INSIGHTS into the Greats

That Alfred Tennyson (1809-1892) was considered great in his own time there is no doubt. He was the Poet Laureate and a peer of the realm at the time of his death. What we need to establish, though, is whether he can be regarded as a great in our time, as the other poets featured so far in this series have been seen to be. For this purpose we need to understand the reason for Tennyson's acclaim in his day.

Tennyson was a representative of the Victorian Age, during which Britannia's rulership of the waves coupled with scientific and industrial advancements had led to untold power, prosperity and progress. The resultant national air of confidence and optimism was undermined, however, by a growing sense of loss and anxiety due to the erosion of religious belief under the influence of evolutionary theory and the negative social and environmental effects of industrialisation. Tennyson's poetry, with its overwhelmingly melancholic strain, evidently served to project him as the conscience of a society which felt increasingly cut off from its traditional moorings. England evidently was only too glad to take this "saddest of all English poets", as TS Eliot dubbed him, to their bosom. The following is the saddest and most famous of the short lyrical pieces which generally comprise Tennyson's most successful poetry:

Desolation

Break, break, break, On thy cold grey sones, o Sea! And I would that my tongue could utter The thoughts that arise in me.

"O well for the fisherman's boy, That he shouts with his sister at play! O well for the sailor lad, That he sings in his boat on the bay!

"And the stately ships go on To their haven under the hill; But O for the touch of a vanished hand, And the sound of a voice that is still.
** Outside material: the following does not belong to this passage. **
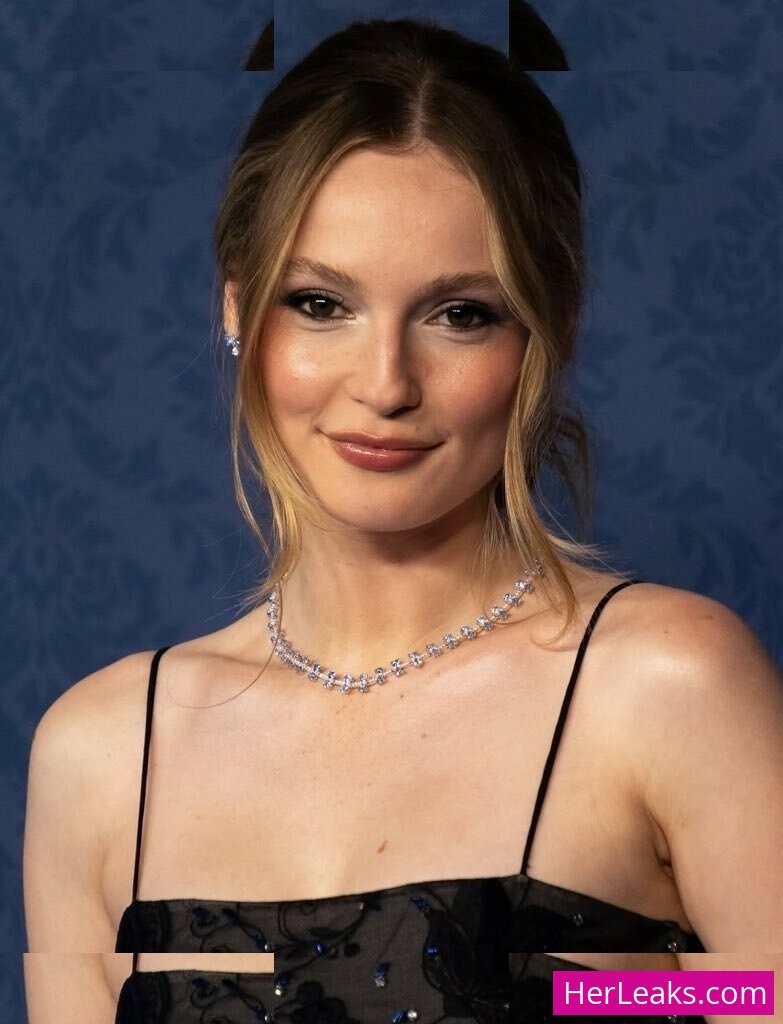 Hannah Dodd - Image 69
"Break, break, break, At the foot of thy crags, O Sea! But the tender grace of a day that is dead Will never come back to me."

Alfred Lord Tennyson

Such an evocation of the desolation of bereavement struck a responsive chord in a generation experiencing the pangs of loss referred to above. Its appeal was enhanced by the sheer mellifluousness of the lines, facilitated by Tennyson's unique ear for the music of his verse and his unerring eye for its pictorial quality. This insistence on refinement of diction, rhythm and imagery made him to be without peer as a lyricist

It will be seen that whereas the image of the sea is powerful in its particularity, the contrasting images of the children, sailor and ships have a generalised or archetypal quality. This preponderance of the latter is true of Tennyson's imagery as a whole. Consequently his poetry tends to communicate moods to which anyone can relate, a further reason for his popularity, rather than to involve the recreation of felt experience as is the case with Wordsworth and Keats...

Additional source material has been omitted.